Interestingly the DTI indicators all seem to be .01mm resolution though?
(I am also looking to get one of these shortly)
Edited By Chris Parsons on 31/08/2012 10:59:43
|Michael Gilligan||31/08/2012 11:24:01|
20183 forum posts
Just a couple of points:
1. Always check the specifications carefully ... especially with digital readouts ... resolution and accuracy are easily [and sometimes conveniently?] confused.
2. Strictly speaking; all Dial Test Indicators are intended as Indicators only ... the scale is convenient, but you are using it to confirm " Zero ". [hope that makes sense ... happy to explain in more detail if you want]
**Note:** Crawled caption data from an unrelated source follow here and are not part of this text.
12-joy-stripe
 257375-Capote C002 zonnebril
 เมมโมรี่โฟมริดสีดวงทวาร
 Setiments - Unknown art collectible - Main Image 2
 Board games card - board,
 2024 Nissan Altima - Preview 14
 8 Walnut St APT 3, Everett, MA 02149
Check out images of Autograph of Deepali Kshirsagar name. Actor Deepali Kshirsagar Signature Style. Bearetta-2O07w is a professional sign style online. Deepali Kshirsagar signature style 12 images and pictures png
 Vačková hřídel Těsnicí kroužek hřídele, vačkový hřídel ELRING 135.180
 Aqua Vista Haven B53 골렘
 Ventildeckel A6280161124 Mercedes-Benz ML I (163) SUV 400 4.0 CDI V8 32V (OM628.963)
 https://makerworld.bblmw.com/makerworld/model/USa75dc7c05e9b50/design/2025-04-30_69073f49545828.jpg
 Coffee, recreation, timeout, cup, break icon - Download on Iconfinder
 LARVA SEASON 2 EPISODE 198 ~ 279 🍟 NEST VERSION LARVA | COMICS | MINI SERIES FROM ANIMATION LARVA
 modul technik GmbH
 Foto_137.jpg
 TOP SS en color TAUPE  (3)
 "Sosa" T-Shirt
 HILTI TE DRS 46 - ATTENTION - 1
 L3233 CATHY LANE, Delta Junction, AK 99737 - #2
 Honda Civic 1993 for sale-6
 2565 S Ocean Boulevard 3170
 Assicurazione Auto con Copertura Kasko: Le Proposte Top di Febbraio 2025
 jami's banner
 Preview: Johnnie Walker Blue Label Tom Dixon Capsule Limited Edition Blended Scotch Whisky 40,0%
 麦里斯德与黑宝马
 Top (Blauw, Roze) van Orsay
Yes, we all sometimes use them for direct measuring!
My recommendation would be to get the best one you can find, with a nice clear analog dial.
... it should last a lifetime.
|Roderick Jenkins||31/08/2012 12:24:13|
2184 forum posts
I have all sorts of DTIs. The one I use most for centering in a 4 jaw is Verdict lever type with a small dial reading to 0.5 thou (0.013mm). This much more versatile than the plunger type and the small diameter dial means that it is easier to get it close to the chuck in some circumstances. The plunger type has to be at right angles to the job whereas the lever type can be used in almost any orientation. As MichaelG hints, when centreing what you are really looking at is movement of the indicator hand rather than an absolute measure. I'm very happy if I can centre so that the hand moves less than half a thou with one revolution of the job. For this reason the analogue type is much easier to use than a digital one (although digital are good in other circumstances).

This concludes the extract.